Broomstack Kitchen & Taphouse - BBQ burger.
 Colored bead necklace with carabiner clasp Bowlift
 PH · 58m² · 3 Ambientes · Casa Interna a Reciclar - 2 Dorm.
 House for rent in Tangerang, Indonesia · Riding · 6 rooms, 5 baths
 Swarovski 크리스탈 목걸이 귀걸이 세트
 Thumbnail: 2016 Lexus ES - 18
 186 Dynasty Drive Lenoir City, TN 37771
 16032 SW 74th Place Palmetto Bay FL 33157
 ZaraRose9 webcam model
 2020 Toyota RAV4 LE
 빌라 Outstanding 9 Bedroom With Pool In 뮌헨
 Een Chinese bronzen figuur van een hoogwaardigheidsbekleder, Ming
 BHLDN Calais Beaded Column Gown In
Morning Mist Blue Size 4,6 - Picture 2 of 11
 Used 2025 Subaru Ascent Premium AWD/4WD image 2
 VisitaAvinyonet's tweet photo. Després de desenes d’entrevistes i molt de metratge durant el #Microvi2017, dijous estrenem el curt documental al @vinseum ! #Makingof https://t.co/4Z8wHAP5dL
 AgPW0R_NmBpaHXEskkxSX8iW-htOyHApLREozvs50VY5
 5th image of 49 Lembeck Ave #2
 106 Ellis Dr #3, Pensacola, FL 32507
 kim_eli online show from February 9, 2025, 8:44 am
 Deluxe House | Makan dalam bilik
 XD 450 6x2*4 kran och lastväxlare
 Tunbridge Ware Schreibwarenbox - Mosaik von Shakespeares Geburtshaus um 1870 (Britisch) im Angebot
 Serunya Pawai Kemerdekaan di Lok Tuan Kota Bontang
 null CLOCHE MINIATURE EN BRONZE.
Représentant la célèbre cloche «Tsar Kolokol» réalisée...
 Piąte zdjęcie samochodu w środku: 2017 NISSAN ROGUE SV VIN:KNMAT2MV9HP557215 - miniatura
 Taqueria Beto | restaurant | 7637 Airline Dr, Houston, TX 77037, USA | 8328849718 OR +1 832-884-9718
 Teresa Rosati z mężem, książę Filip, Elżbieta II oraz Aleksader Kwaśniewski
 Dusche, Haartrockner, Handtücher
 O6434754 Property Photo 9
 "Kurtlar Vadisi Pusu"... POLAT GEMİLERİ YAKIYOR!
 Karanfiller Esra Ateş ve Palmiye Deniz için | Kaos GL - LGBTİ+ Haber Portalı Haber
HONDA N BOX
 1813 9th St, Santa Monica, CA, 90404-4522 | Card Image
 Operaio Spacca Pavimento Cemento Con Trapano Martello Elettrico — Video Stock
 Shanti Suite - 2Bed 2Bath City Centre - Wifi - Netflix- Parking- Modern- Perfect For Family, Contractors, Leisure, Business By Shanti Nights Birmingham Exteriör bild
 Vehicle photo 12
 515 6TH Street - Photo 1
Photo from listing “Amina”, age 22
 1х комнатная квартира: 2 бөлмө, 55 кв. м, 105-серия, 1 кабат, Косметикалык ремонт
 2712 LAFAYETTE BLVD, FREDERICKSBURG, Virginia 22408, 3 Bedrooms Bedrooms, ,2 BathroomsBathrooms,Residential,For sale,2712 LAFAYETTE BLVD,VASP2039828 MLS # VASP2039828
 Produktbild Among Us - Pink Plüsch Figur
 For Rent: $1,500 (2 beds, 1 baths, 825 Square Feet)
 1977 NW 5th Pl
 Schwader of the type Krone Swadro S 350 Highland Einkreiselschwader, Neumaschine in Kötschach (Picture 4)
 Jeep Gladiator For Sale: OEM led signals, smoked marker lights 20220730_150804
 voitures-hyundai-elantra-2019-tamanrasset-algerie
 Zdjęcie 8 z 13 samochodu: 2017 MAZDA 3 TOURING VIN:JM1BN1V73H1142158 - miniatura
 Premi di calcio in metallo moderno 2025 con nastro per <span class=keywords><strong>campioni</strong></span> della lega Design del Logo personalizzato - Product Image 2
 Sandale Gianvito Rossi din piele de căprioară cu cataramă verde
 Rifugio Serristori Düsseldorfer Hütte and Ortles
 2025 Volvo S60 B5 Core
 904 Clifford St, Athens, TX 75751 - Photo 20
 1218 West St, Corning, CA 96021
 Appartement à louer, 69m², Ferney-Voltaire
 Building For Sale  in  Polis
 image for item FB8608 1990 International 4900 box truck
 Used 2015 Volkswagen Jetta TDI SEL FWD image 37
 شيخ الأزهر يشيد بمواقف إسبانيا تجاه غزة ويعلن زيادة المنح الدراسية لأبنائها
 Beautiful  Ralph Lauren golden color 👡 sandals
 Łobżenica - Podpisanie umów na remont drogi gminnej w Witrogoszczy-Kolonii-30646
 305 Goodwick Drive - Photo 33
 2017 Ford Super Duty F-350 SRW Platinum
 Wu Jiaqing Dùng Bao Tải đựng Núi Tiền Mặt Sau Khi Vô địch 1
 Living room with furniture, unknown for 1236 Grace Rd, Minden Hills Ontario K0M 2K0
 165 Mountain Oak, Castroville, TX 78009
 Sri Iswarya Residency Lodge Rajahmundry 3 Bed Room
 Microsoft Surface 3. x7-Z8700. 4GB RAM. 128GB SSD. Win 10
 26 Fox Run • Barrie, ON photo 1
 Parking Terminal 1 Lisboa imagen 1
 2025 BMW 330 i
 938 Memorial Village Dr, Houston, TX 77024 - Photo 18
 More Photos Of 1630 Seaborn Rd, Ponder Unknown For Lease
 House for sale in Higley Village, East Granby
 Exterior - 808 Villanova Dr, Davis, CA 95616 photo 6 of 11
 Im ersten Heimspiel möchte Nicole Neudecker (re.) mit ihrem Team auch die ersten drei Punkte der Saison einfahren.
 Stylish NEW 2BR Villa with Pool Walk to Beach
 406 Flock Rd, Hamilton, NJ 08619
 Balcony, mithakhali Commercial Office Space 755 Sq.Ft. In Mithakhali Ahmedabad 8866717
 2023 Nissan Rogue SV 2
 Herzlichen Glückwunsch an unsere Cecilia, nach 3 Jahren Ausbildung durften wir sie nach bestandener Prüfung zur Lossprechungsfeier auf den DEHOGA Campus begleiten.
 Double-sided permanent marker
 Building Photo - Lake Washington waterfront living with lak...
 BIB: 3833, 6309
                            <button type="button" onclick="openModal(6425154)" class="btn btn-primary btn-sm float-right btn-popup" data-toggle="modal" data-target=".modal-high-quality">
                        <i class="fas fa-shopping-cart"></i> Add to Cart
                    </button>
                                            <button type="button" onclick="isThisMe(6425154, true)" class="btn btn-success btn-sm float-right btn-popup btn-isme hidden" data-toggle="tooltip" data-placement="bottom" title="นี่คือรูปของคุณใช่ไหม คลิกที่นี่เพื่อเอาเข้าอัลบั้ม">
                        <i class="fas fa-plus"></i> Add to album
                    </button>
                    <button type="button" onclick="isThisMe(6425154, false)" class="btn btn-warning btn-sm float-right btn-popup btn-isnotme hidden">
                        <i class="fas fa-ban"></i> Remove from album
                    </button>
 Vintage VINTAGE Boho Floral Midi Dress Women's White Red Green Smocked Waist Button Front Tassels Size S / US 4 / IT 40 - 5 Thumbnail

■ ■ ■ ■ ■

Task prompt → Send back the complete listing, identical to the original in every line.

Result for this exercise →
Broomstack Kitchen & Taphouse - BBQ burger.
 Colored bead necklace with carabiner clasp Bowlift
 PH · 58m² · 3 Ambientes · Casa Interna a Reciclar - 2 Dorm.
 House for rent in Tangerang, Indonesia · Riding · 6 rooms, 5 baths
 Swarovski 크리스탈 목걸이 귀걸이 세트
 Thumbnail: 2016 Lexus ES - 18
 186 Dynasty Drive Lenoir City, TN 37771
 16032 SW 74th Place Palmetto Bay FL 33157
 ZaraRose9 webcam model
 2020 Toyota RAV4 LE
 빌라 Outstanding 9 Bedroom With Pool In 뮌헨
 Een Chinese bronzen figuur van een hoogwaardigheidsbekleder, Ming
 BHLDN Calais Beaded Column Gown In
Morning Mist Blue Size 4,6 - Picture 2 of 11
 Used 2025 Subaru Ascent Premium AWD/4WD image 2
 VisitaAvinyonet's tweet photo. Després de desenes d’entrevistes i molt de metratge durant el #Microvi2017, dijous estrenem el curt documental al @vinseum ! #Makingof https://t.co/4Z8wHAP5dL
 AgPW0R_NmBpaHXEskkxSX8iW-htOyHApLREozvs50VY5
 5th image of 49 Lembeck Ave #2
 106 Ellis Dr #3, Pensacola, FL 32507
 kim_eli online show from February 9, 2025, 8:44 am
 Deluxe House | Makan dalam bilik
 XD 450 6x2*4 kran och lastväxlare
 Tunbridge Ware Schreibwarenbox - Mosaik von Shakespeares Geburtshaus um 1870 (Britisch) im Angebot
 Serunya Pawai Kemerdekaan di Lok Tuan Kota Bontang
 null CLOCHE MINIATURE EN BRONZE.
Représentant la célèbre cloche «Tsar Kolokol» réalisée...
 Piąte zdjęcie samochodu w środku: 2017 NISSAN ROGUE SV VIN:KNMAT2MV9HP557215 - miniatura
 Taqueria Beto | restaurant | 7637 Airline Dr, Houston, TX 77037, USA | 8328849718 OR +1 832-884-9718
 Teresa Rosati z mężem, książę Filip, Elżbieta II oraz Aleksader Kwaśniewski
 Dusche, Haartrockner, Handtücher
 O6434754 Property Photo 9
 "Kurtlar Vadisi Pusu"... POLAT GEMİLERİ YAKIYOR!
 Karanfiller Esra Ateş ve Palmiye Deniz için | Kaos GL - LGBTİ+ Haber Portalı Haber
HONDA N BOX
 1813 9th St, Santa Monica, CA, 90404-4522 | Card Image
 Operaio Spacca Pavimento Cemento Con Trapano Martello Elettrico — Video Stock
 Shanti Suite - 2Bed 2Bath City Centre - Wifi - Netflix- Parking- Modern- Perfect For Family, Contractors, Leisure, Business By Shanti Nights Birmingham Exteriör bild
 Vehicle photo 12
 515 6TH Street - Photo 1
Photo from listing “Amina”, age 22
 1х комнатная квартира: 2 бөлмө, 55 кв. м, 105-серия, 1 кабат, Косметикалык ремонт
 2712 LAFAYETTE BLVD, FREDERICKSBURG, Virginia 22408, 3 Bedrooms Bedrooms, ,2 BathroomsBathrooms,Residential,For sale,2712 LAFAYETTE BLVD,VASP2039828 MLS # VASP2039828
 Produktbild Among Us - Pink Plüsch Figur
 For Rent: $1,500 (2 beds, 1 baths, 825 Square Feet)
 1977 NW 5th Pl
 Schwader of the type Krone Swadro S 350 Highland Einkreiselschwader, Neumaschine in Kötschach (Picture 4)
 Jeep Gladiator For Sale: OEM led signals, smoked marker lights 20220730_150804
 voitures-hyundai-elantra-2019-tamanrasset-algerie
 Zdjęcie 8 z 13 samochodu: 2017 MAZDA 3 TOURING VIN:JM1BN1V73H1142158 - miniatura
 Premi di calcio in metallo moderno 2025 con nastro per <span class=keywords><strong>campioni</strong></span> della lega Design del Logo personalizzato - Product Image 2
 Sandale Gianvito Rossi din piele de căprioară cu cataramă verde
 Rifugio Serristori Düsseldorfer Hütte and Ortles
 2025 Volvo S60 B5 Core
 904 Clifford St, Athens, TX 75751 - Photo 20
 1218 West St, Corning, CA 96021
 Appartement à louer, 69m², Ferney-Voltaire
 Building For Sale  in  Polis
 image for item FB8608 1990 International 4900 box truck
 Used 2015 Volkswagen Jetta TDI SEL FWD image 37
 شيخ الأزهر يشيد بمواقف إسبانيا تجاه غزة ويعلن زيادة المنح الدراسية لأبنائها
 Beautiful  Ralph Lauren golden color 👡 sandals
 Łobżenica - Podpisanie umów na remont drogi gminnej w Witrogoszczy-Kolonii-30646
 305 Goodwick Drive - Photo 33
 2017 Ford Super Duty F-350 SRW Platinum
 Wu Jiaqing Dùng Bao Tải đựng Núi Tiền Mặt Sau Khi Vô địch 1
 Living room with furniture, unknown for 1236 Grace Rd, Minden Hills Ontario K0M 2K0
 165 Mountain Oak, Castroville, TX 78009
 Sri Iswarya Residency Lodge Rajahmundry 3 Bed Room
 Microsoft Surface 3. x7-Z8700. 4GB RAM. 128GB SSD. Win 10
 26 Fox Run • Barrie, ON photo 1
 Parking Terminal 1 Lisboa imagen 1
 2025 BMW 330 i
 938 Memorial Village Dr, Houston, TX 77024 - Photo 18
 More Photos Of 1630 Seaborn Rd, Ponder Unknown For Lease
 House for sale in Higley Village, East Granby
 Exterior - 808 Villanova Dr, Davis, CA 95616 photo 6 of 11
 Im ersten Heimspiel möchte Nicole Neudecker (re.) mit ihrem Team auch die ersten drei Punkte der Saison einfahren.
 Stylish NEW 2BR Villa with Pool Walk to Beach
 406 Flock Rd, Hamilton, NJ 08619
 Balcony, mithakhali Commercial Office Space 755 Sq.Ft. In Mithakhali Ahmedabad 8866717
 2023 Nissan Rogue SV 2
 Herzlichen Glückwunsch an unsere Cecilia, nach 3 Jahren Ausbildung durften wir sie nach bestandener Prüfung zur Lossprechungsfeier auf den DEHOGA Campus begleiten.
 Double-sided permanent marker
 Building Photo - Lake Washington waterfront living with lak...
 BIB: 3833, 6309
                            <button type="button" onclick="openModal(6425154)" class="btn btn-primary btn-sm float-right btn-popup" data-toggle="modal" data-target=".modal-high-quality">
                        <i class="fas fa-shopping-cart"></i> Add to Cart
                    </button>
                                            <button type="button" onclick="isThisMe(6425154, true)" class="btn btn-success btn-sm float-right btn-popup btn-isme hidden" data-toggle="tooltip" data-placement="bottom" title="นี่คือรูปของคุณใช่ไหม คลิกที่นี่เพื่อเอาเข้าอัลบั้ม">
                        <i class="fas fa-plus"></i> Add to album
                    </button>
                    <button type="button" onclick="isThisMe(6425154, false)" class="btn btn-warning btn-sm float-right btn-popup btn-isnotme hidden">
                        <i class="fas fa-ban"></i> Remove from album
                    </button>
 Vintage VINTAGE Boho Floral Midi Dress Women's White Red Green Smocked Waist Button Front Tassels Size S / US 4 / IT 40 - 5 Thumbnail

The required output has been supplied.